TASK PROMPT:
From the entries below, reproduce exactly the lines from the one with "Flowers, background, Wallpaper, plant, Bush, village, white" through the one with "微信图片_20190912212021.jpg 微信图片", both included, without images.

Records drawn from a dataset:
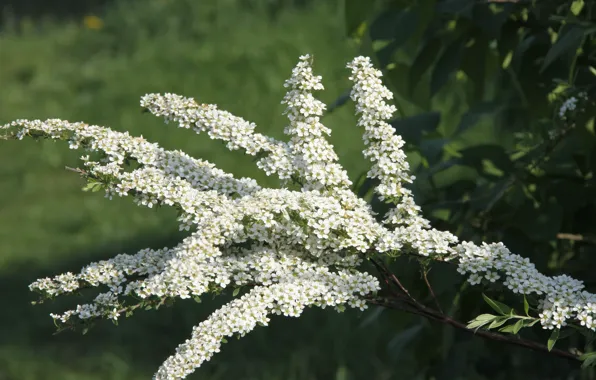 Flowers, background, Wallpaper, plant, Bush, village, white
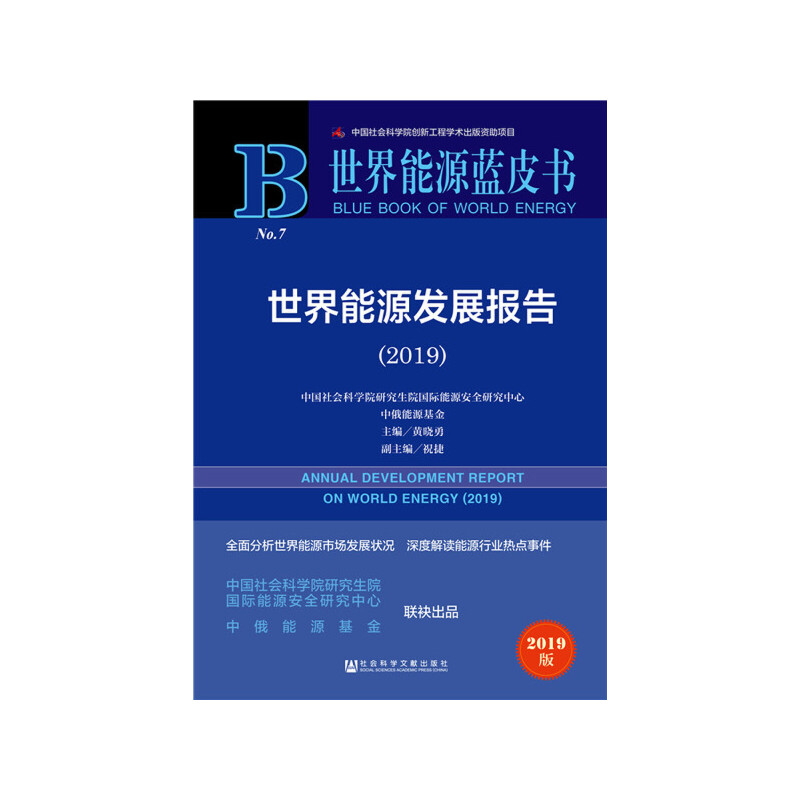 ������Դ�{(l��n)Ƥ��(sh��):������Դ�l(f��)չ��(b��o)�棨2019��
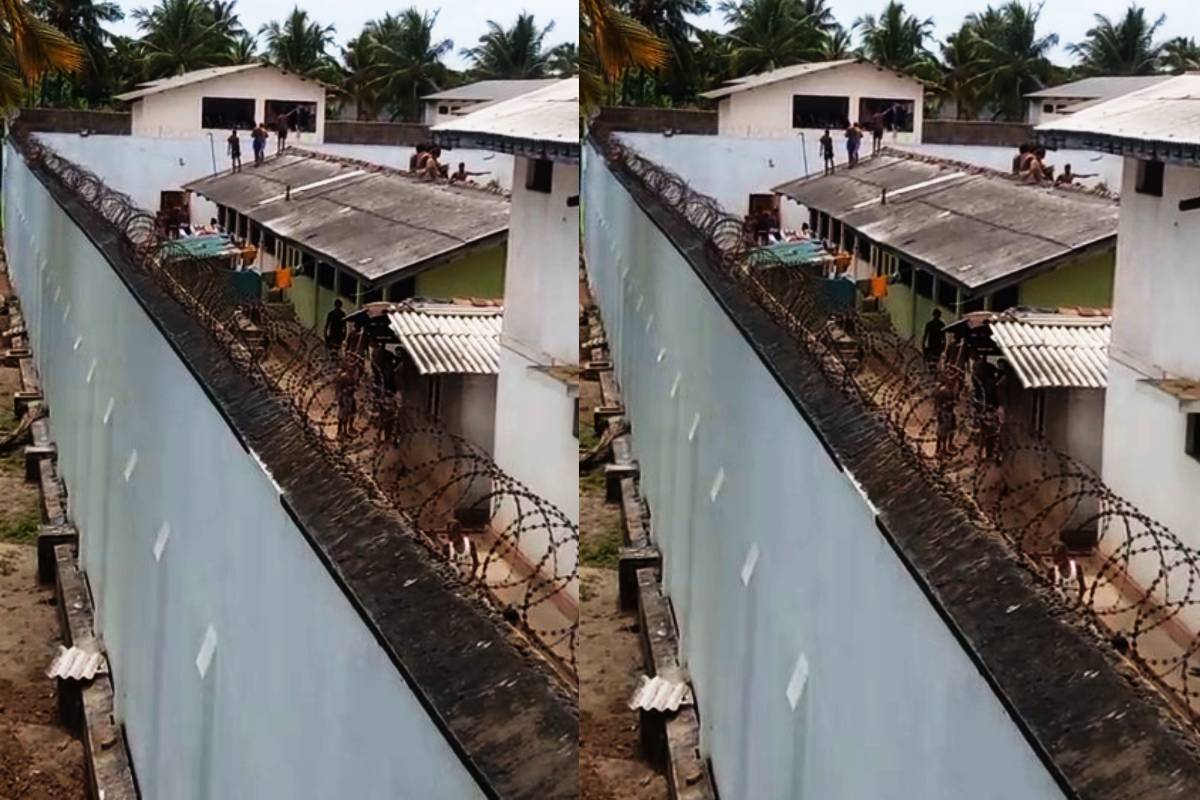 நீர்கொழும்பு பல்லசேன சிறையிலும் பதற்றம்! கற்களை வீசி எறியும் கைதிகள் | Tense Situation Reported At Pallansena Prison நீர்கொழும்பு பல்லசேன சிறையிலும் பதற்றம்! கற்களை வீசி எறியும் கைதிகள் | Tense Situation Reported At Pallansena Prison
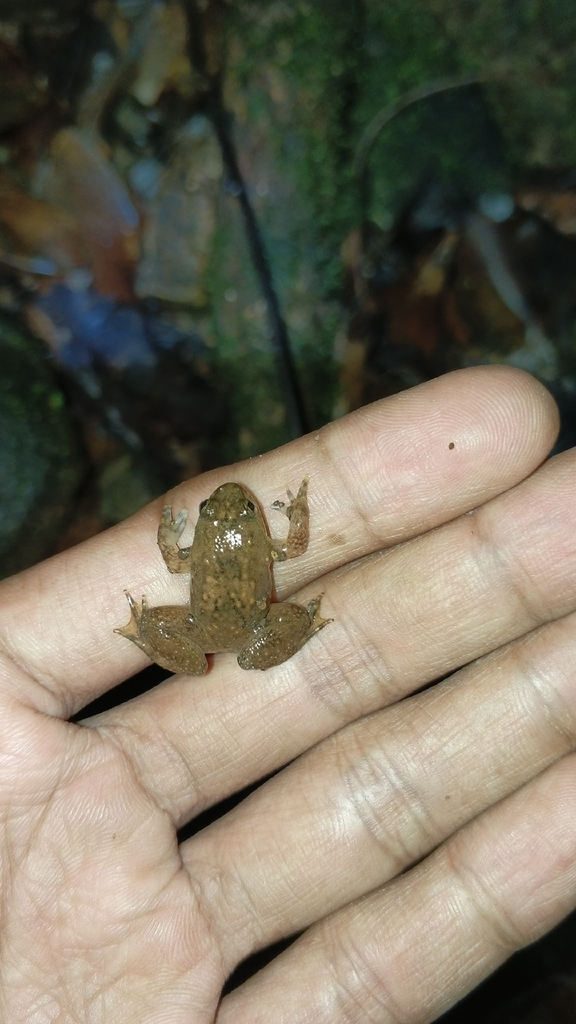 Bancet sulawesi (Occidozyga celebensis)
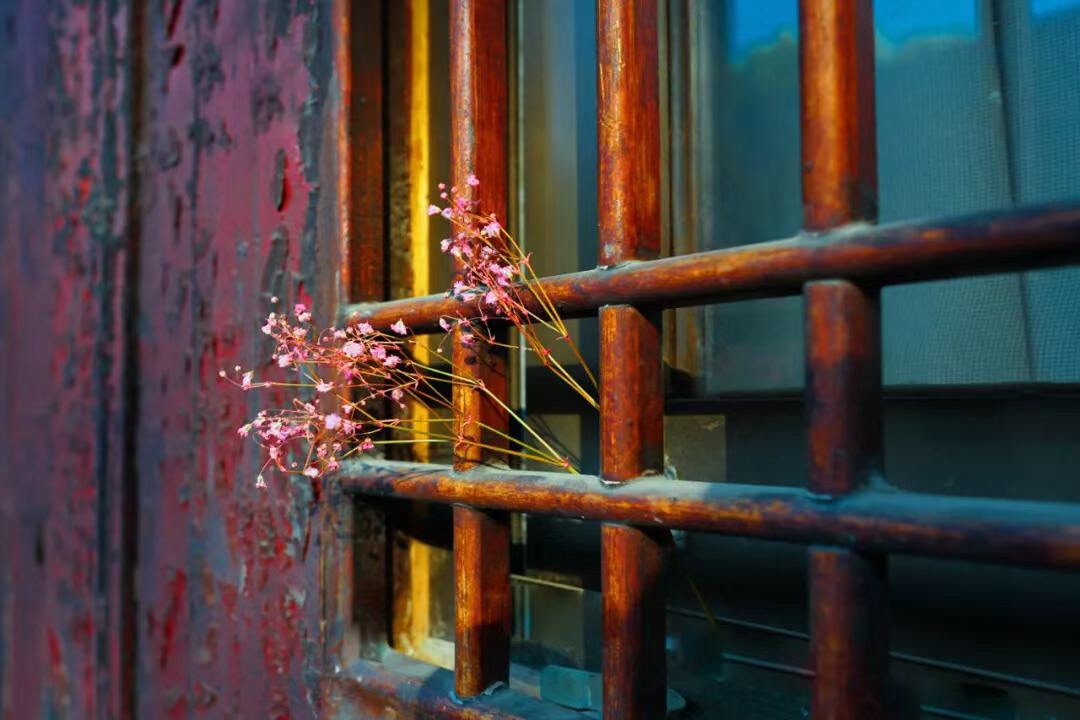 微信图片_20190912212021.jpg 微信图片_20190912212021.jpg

---

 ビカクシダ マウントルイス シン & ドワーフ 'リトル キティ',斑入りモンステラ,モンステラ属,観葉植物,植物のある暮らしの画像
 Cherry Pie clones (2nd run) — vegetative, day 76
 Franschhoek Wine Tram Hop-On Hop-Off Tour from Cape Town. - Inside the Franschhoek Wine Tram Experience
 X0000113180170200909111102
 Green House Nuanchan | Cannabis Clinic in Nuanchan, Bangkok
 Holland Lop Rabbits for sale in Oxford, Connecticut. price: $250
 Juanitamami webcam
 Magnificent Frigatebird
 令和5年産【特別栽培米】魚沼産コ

==

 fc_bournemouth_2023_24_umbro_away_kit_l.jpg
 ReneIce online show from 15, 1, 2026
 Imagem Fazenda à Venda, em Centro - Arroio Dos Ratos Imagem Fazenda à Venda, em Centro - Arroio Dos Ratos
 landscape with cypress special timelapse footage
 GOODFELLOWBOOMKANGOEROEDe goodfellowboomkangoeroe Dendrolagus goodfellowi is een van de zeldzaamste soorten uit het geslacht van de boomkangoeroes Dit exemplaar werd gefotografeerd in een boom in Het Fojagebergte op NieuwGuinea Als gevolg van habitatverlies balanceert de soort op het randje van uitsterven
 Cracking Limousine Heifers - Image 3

ANSWER SECTION:
 Flowers, background, Wallpaper, plant, Bush, village, white
 ������Դ�{(l��n)Ƥ��(sh��):������Դ�l(f��)չ��(b��o)�棨2019��
 நீர்கொழும்பு பல்லசேன சிறையிலும் பதற்றம்! கற்களை வீசி எறியும் கைதிகள் | Tense Situation Reported At Pallansena Prison நீர்கொழும்பு பல்லசேன சிறையிலும் பதற்றம்! கற்களை வீசி எறியும் கைதிகள் | Tense Situation Reported At Pallansena Prison
 Bancet sulawesi (Occidozyga celebensis)
 微信图片_20190912212021.jpg 微信图片_20190912212021.jpg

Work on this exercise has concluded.